Records shown:
--------------------

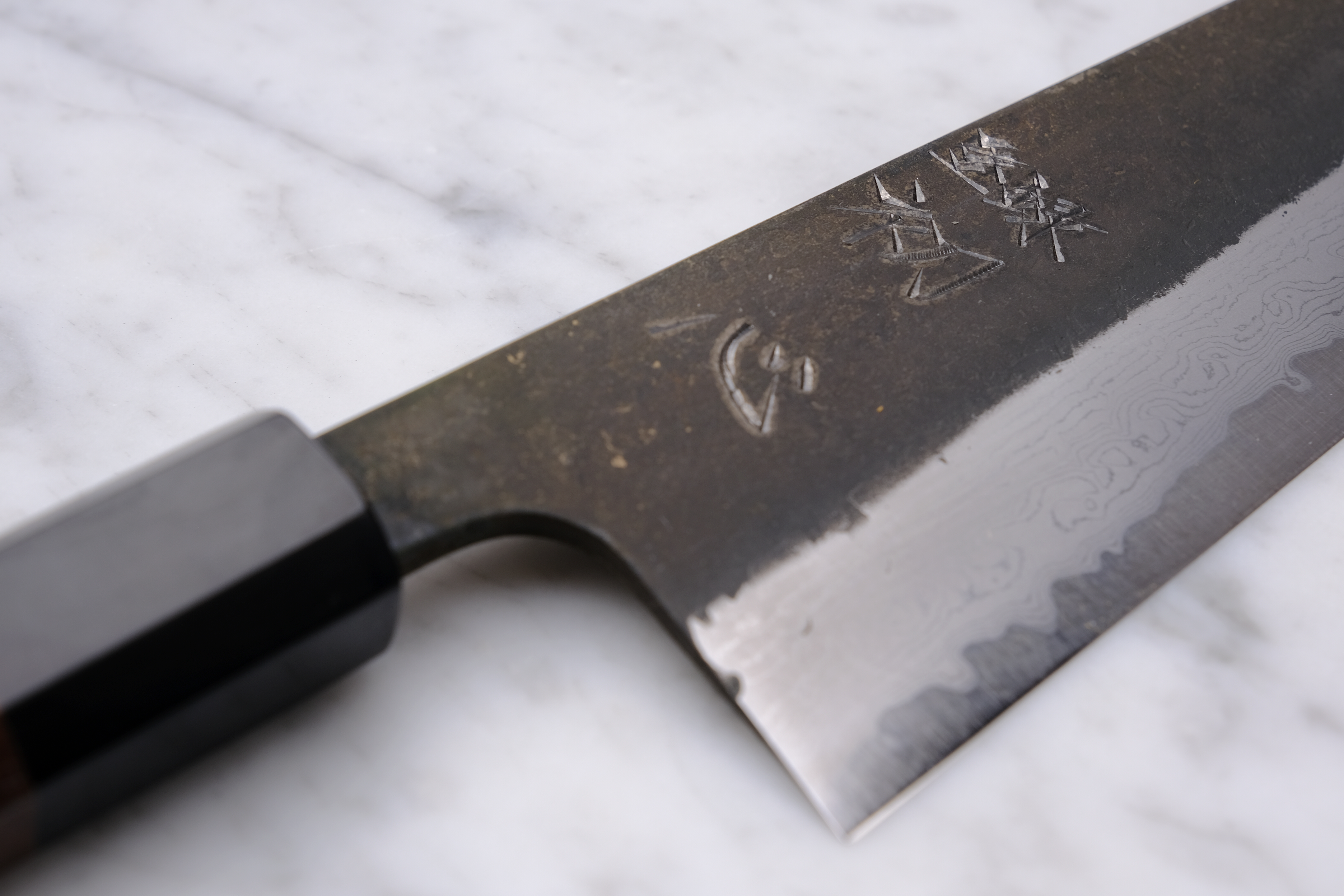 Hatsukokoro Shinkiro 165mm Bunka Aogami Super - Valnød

--------------------

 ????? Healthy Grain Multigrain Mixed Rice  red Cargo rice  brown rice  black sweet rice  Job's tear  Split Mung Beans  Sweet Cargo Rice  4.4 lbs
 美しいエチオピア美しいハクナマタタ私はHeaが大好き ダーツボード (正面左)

--------------------

Task item: As listed above, the lines from the line with "Healthy Grain Multigrain" to the line with "美しいエチオピア美しいハクナマタタ私はHeaが大好き ダーツボード (正面左)" are to be echoed exactly, with both ends included and nothing added.

Answer section:
 ????? Healthy Grain Multigrain Mixed Rice  red Cargo rice  brown rice  black sweet rice  Job's tear  Split Mung Beans  Sweet Cargo Rice  4.4 lbs
 美しいエチオピア美しいハクナマタタ私はHeaが大好き ダーツボード (正面左)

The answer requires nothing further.